=== ASSIGNMENT ===
Leave out the pictures and output exactly the lines below from the one with "Dansk svensk gaardhund bella billede 2" down to the one with "genus Tilia. Края", both of them included.

=== SOURCE RECORDS ===
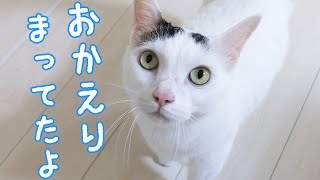 たくさんお喋りしてお出迎えしてくれる猫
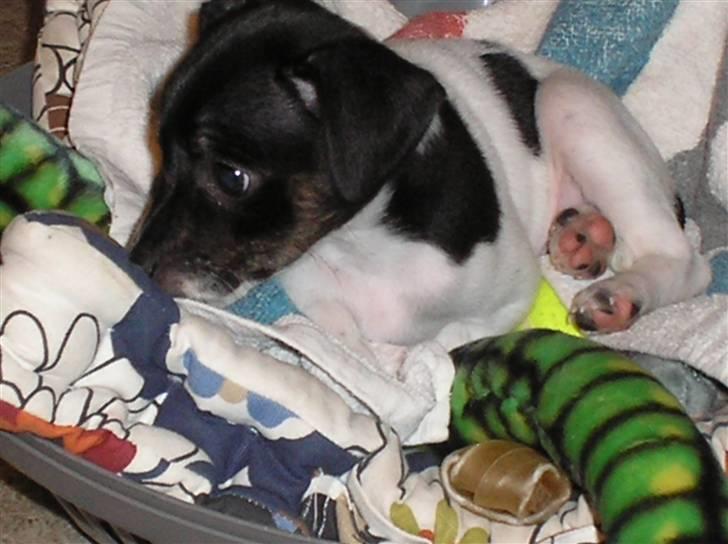 Dansk svensk gaardhund bella billede 2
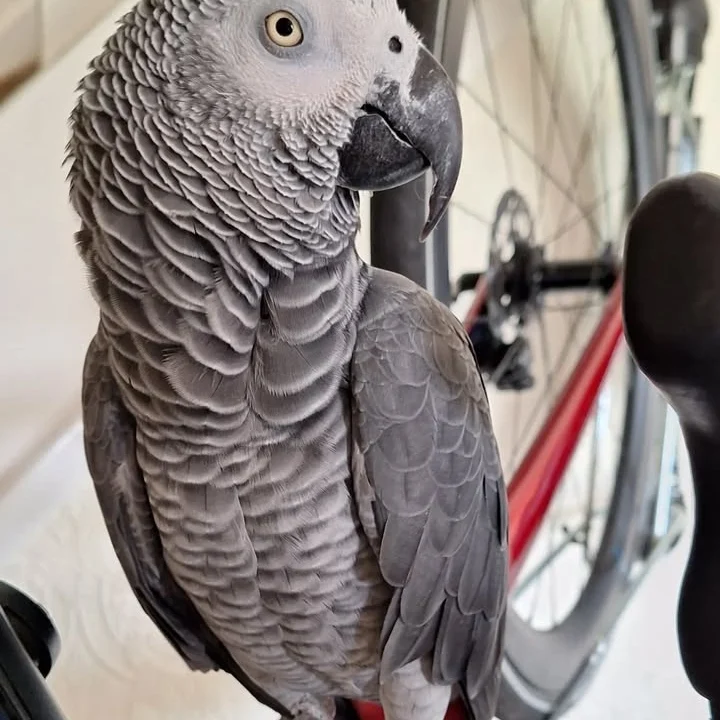 African Grey birds for sale New Mexico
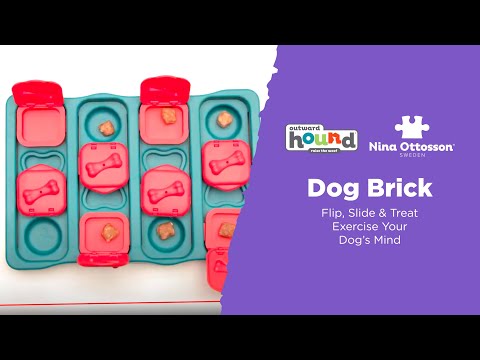 Outward Hound Nina Dog Brick Interactive Treat Puzzle Dog Toy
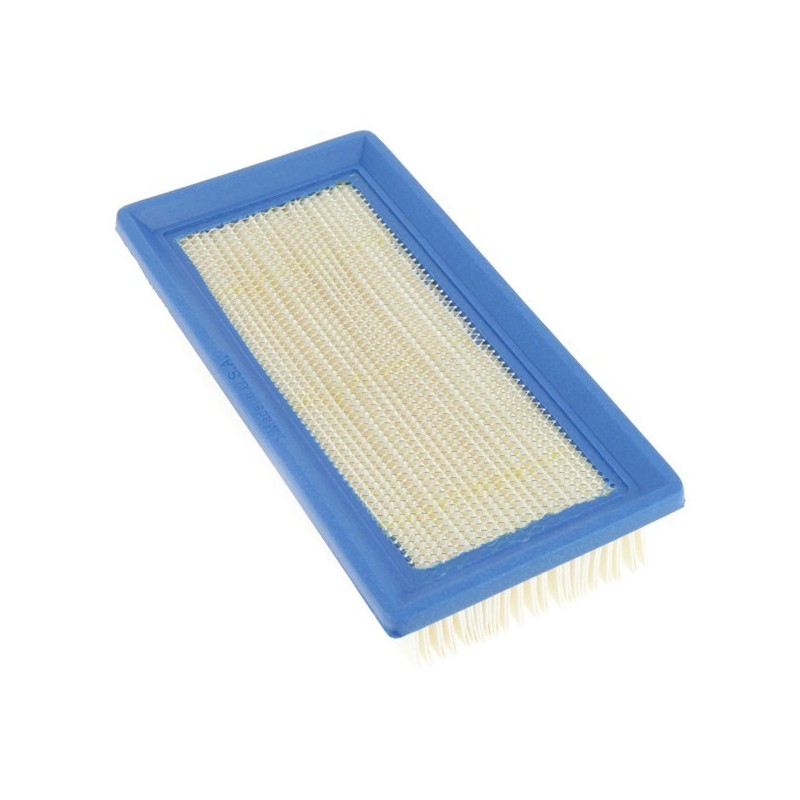 Filtre à air pour B&S 491384 et 496077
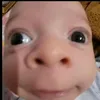 dinhtaiem0
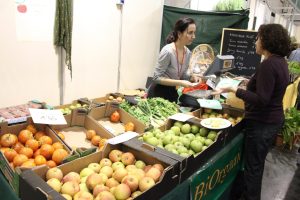 puesto-venta-directa-alimentos-ecologicos-BioCulturaOK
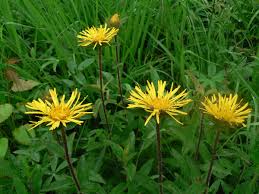 Image result for Inula hirta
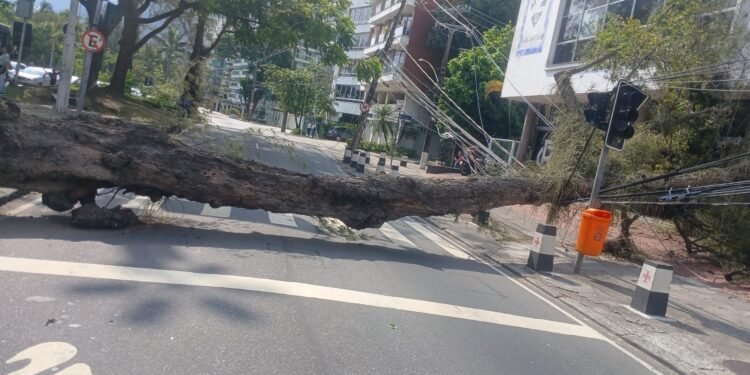 Queda de árvore interdita Av. Borges de Medeiros, na Lagoa Queda de árvore interdita Av. Borges de Medeiros, na Lagoa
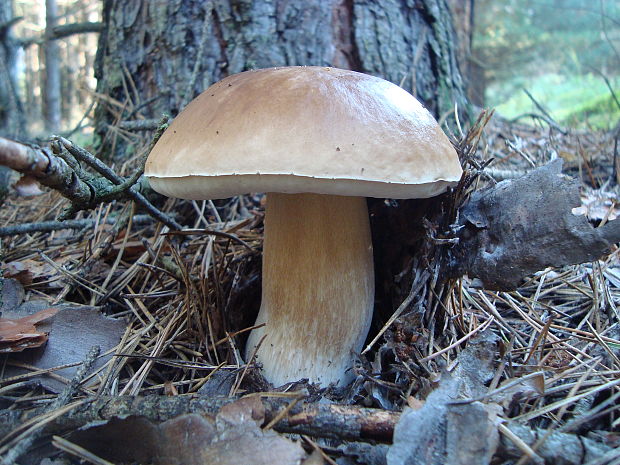 hríb smrekový Boletus edulis Bull.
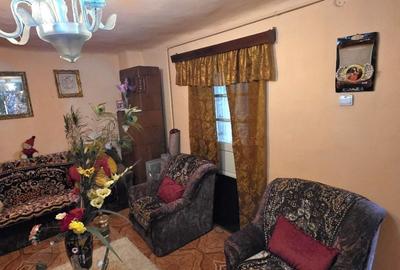 Casă individuală cu 3 camere cu Canalizare în Alexandriei - 18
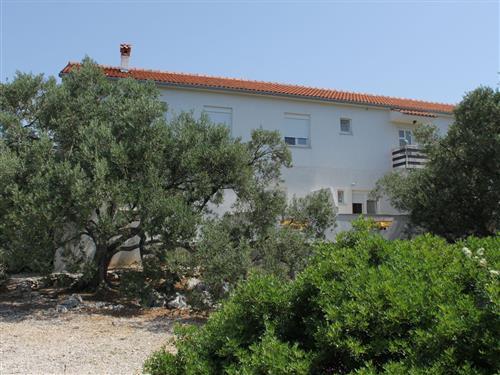 Holiday apartment - 5 persons -  - Božava - 23286 - Bozava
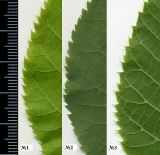 genus Tilia. Края листовых пластинок лип: 1 - Tilia platyphyllos, 2 - Tilia cordata, 3 - Tilia europaea. Курская обл., г. Железногорск. 2009 г.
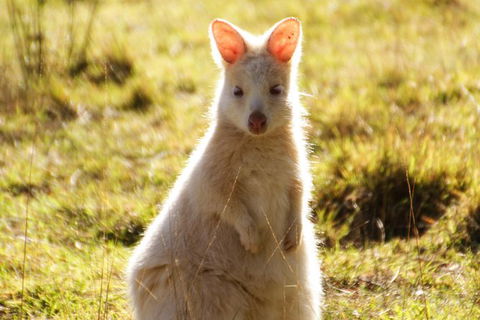 Small-Group Day Trip From Hobart To Bruny Island - Winery Find 2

=== ANSWER AREA ===
 Dansk svensk gaardhund bella billede 2
 African Grey birds for sale New Mexico
 Outward Hound Nina Dog Brick Interactive Treat Puzzle Dog Toy
 Filtre à air pour B&S 491384 et 496077
 dinhtaiem0
 puesto-venta-directa-alimentos-ecologicos-BioCulturaOK
 Image result for Inula hirta
 Queda de árvore interdita Av. Borges de Medeiros, na Lagoa Queda de árvore interdita Av. Borges de Medeiros, na Lagoa
 hríb smrekový Boletus edulis Bull.
 Casă individuală cu 3 camere cu Canalizare în Alexandriei - 18
 Holiday apartment - 5 persons -  - Božava - 23286 - Bozava
 genus Tilia. Края листовых пластинок лип: 1 - Tilia platyphyllos, 2 - Tilia cordata, 3 - Tilia europaea. Курская обл., г. Железногорск. 2009 г.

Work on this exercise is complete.